The truck contains buckets of food scraps…they say that this is the most they’ve ever done at a time…about 45. We loosen the existing compost pile and then unload all of the buckets and dump 14 buckets of slop onto it. Then I rinse the buckets and we carry them over to some palettes where someone shows me how to clean them, and I’m set up scrubbing buckets for the remainder of the work period. I’m not going to be able to wear my work clothes again before washing them, that’s for sure!

I notice a lot about my own thought processes while doing this work. I notice that I often have fantasies of someone noticing what a good job I’m doing, of giving me credit for doing something well, perhaps better than others, or maybe for doing it with a positive attitude, or anything. I’m constantly hoping for approval, to be noticed in a positive way. But that’s really absent here…everyone is grateful, I’m thanked for anything I do, but that praise that I seem to keep looking for is missing. No one else is getting that praise, though.
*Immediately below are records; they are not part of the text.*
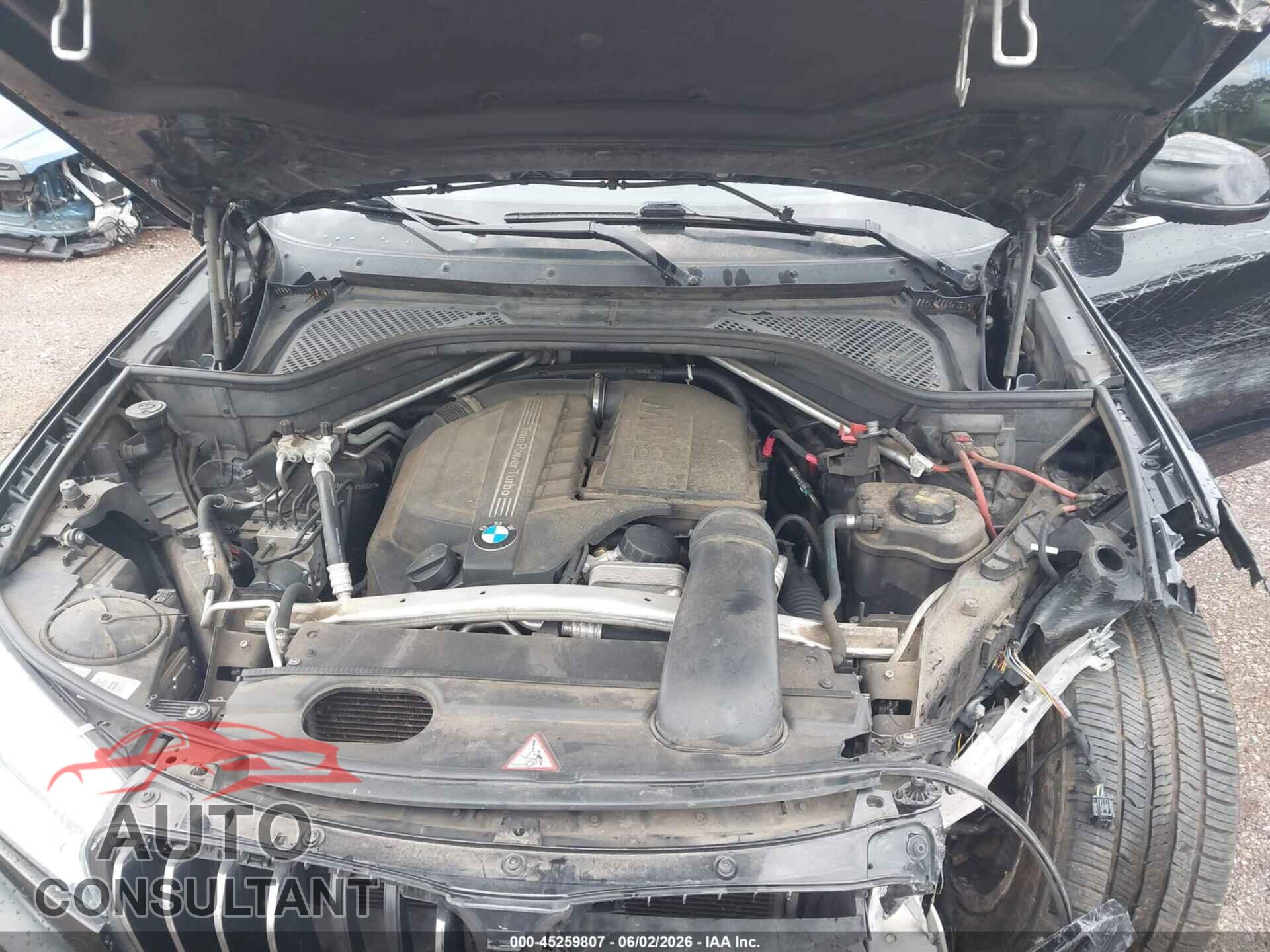 BMW X5 2014 - 5UXKR0C58E0K48251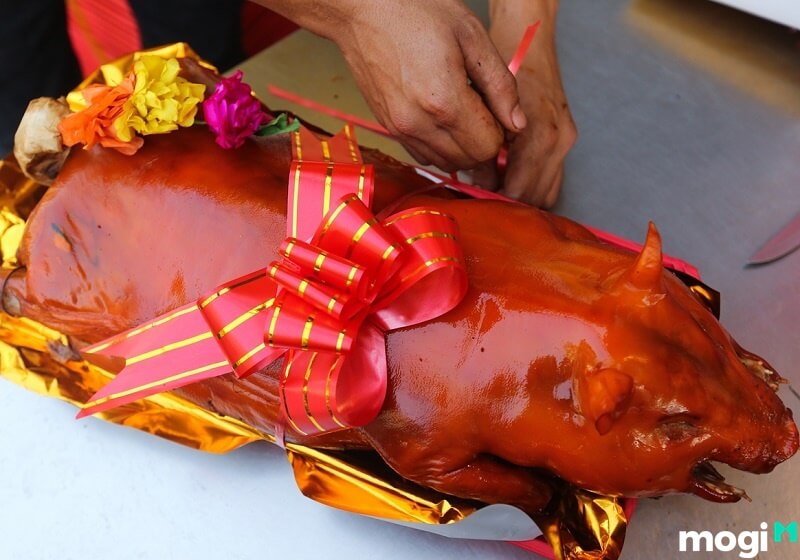Mâm heo quay (miền Nam) hoặc xôi gà (miền Bắc) là mâm mặn duy nhất trong lễ nạp tài.
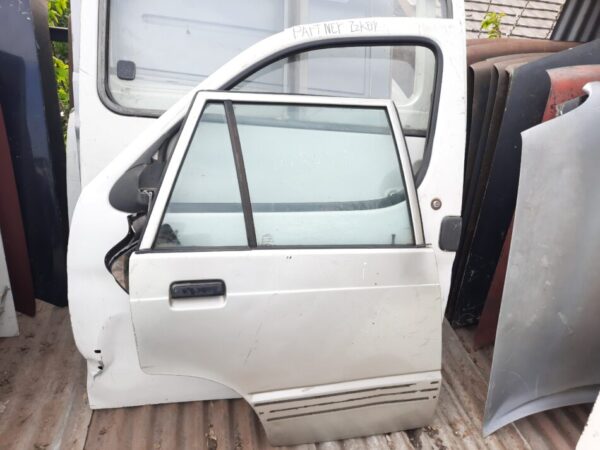 vidrio puerta daewoo raiccer año:1994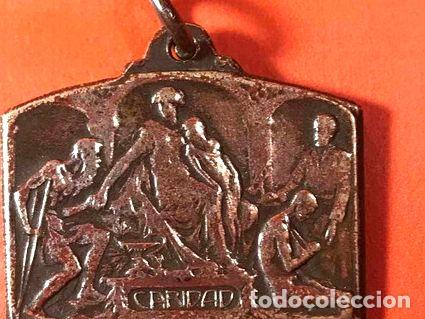 Trofeos y medallas: medalla caridad alberto barcelo - Foto 1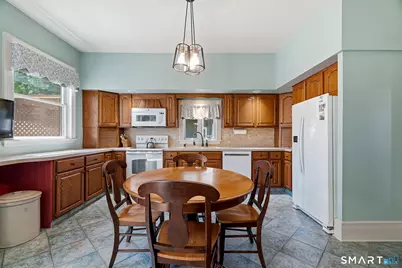 24 Lincoln Avenue, Norwich, CT 06360 - Photo 11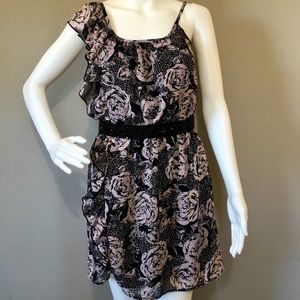 GUESS XS Floral Dress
The more I think of it, the more I realize that it’s pretty freeing. I don’t have to strive to work harder than everyone else or be nicer than everyone else…I can just do a good job and be happy with it myself. Still, I’m aching from bending over to scrub buckets for an hour or so, and from all the extra sitting meditation I’ve been doing.

Click to view on flickr.
The finished compost pile.

I do feel like it’s good work, and think that cleaning out my one slop bucket once a week at home wouldn’t be so bad. I’d like to have a compost pile. I dunno, maybe I just idealize this all too much. But it’s nice to think about the work I’m doing this morning turning into delicious food that someone will relish later.

We’re release from work a little before noon and I head directly for the shower, and then lunch. Lunch, oh how delicious: brocolli soup, spinach and spinach root with sesame dressing, and bread with poppy seeds…wonderful amazing bread. Spinach root!

Click to view on flickr.
One view of the garden. More fields and garden photos are on flickr; click to view this within the set

In the afternoon I read, nap, launder my work clothes, and take my binoculars and camera and walk to Muir Beach. The sun is finally making it through the fog, but it’s really windy at the beach. My legs ache, but the walk feels good. On the way home I meet local cat, a friendly orange and white kitty who runs over to me for petting and belly rubs.
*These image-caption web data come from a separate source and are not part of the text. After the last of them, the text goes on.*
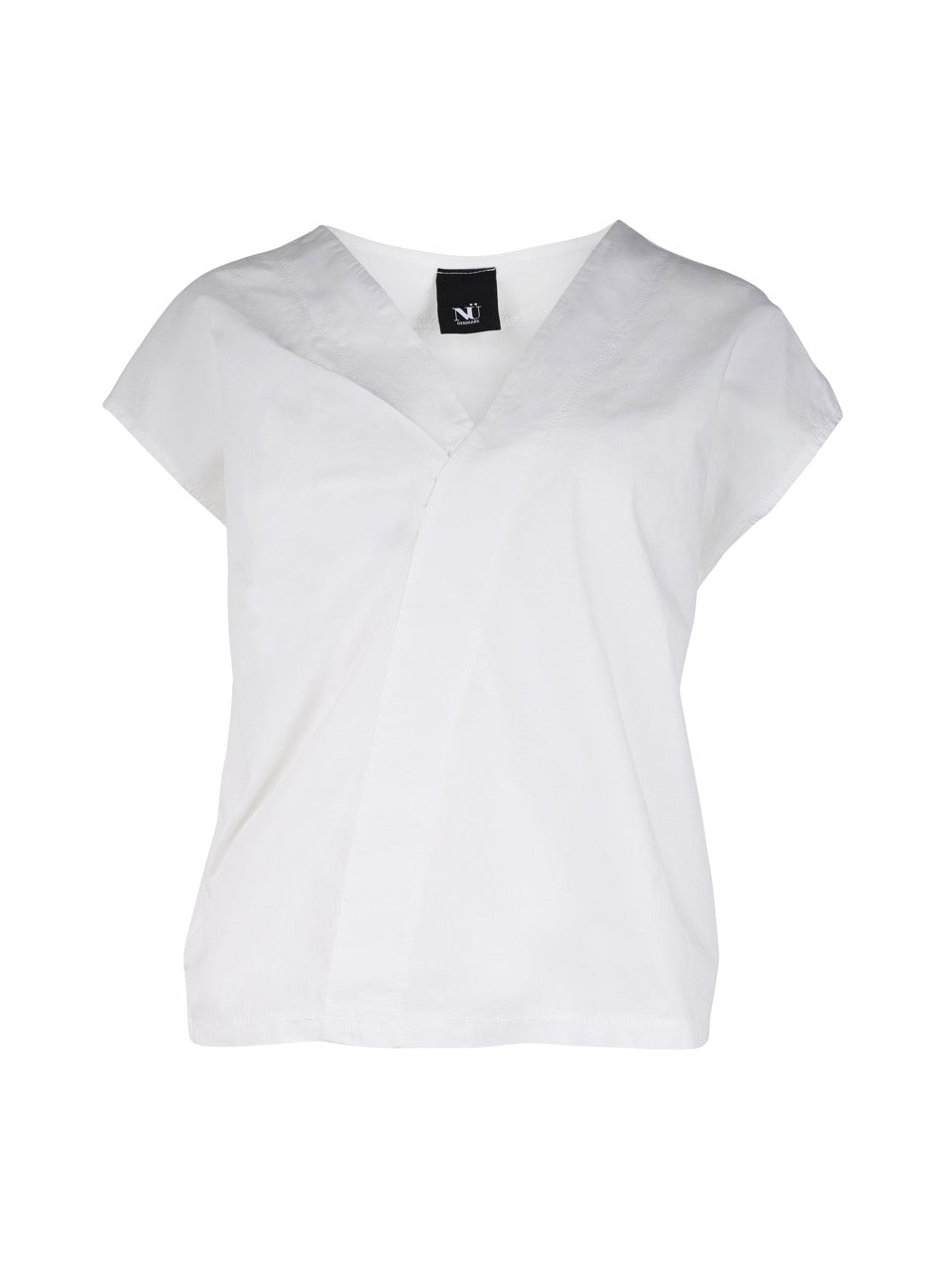 hvid t-shirt med korte ærmer og v-hals. NÜ Yelda Blouse Creme 8328-44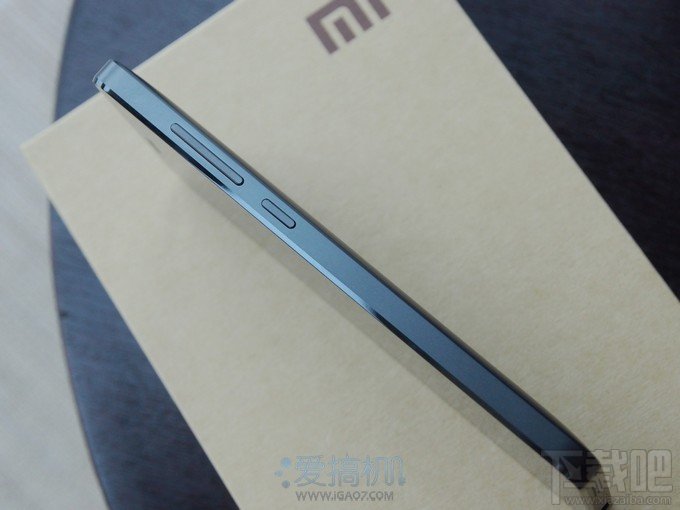 金属边框 小米手机4开箱
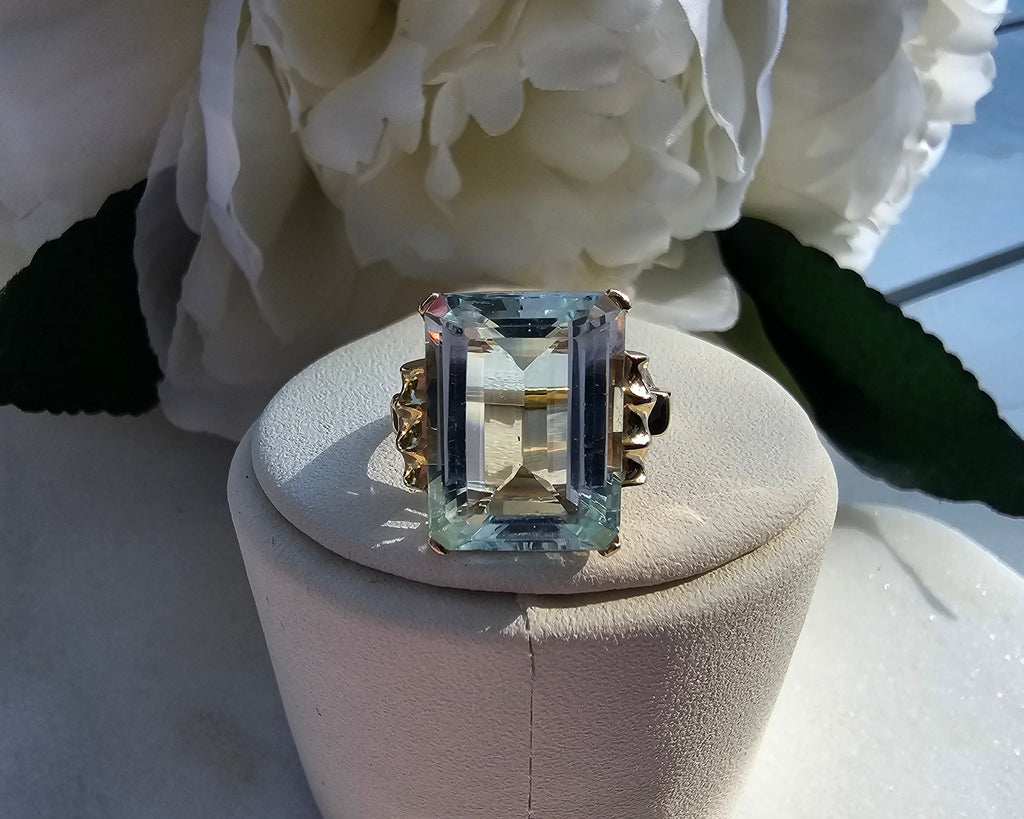 9 carat Natural Aquamarine Cocktail Ring in 18ct Yellow Gold ( C1940'S)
Dinner is amazing beets, greens (collared greens I think, which were especially delicious with gomasio), brown rice, roast zuchinni, and cheese.

At dinner, someone has a large piece of chocolate and pieces are broken off and shared with relish. Someone explains to me that chocolate is a form of currency here. Someone else seems to have poison oak, or something similar, that’s discussed quietly. I’m told that the poison oak soap in the shower is Dawn dishwashing liquid…as a degreaser, it’s supposedly as affective as Technu when used in the same way (apply, wait for several minutes, then rinse).

Someone comes into the dining room and has a discussion with someone at the table…it’s Susan-the-ice-cream girl, evidently arranging another rendevous.

After dinner, I use a phone booth room to call Steve. There might be internet access in the library, I’m not sure, but I decided to stay off the internet completly during my stay, even though it’s difficult to relinquish that connection that I have over email with Steve.

The evening goes by quickly and soon it’s 9:00, and time to try to sleep to be ready to get up at 4:30 again the next day.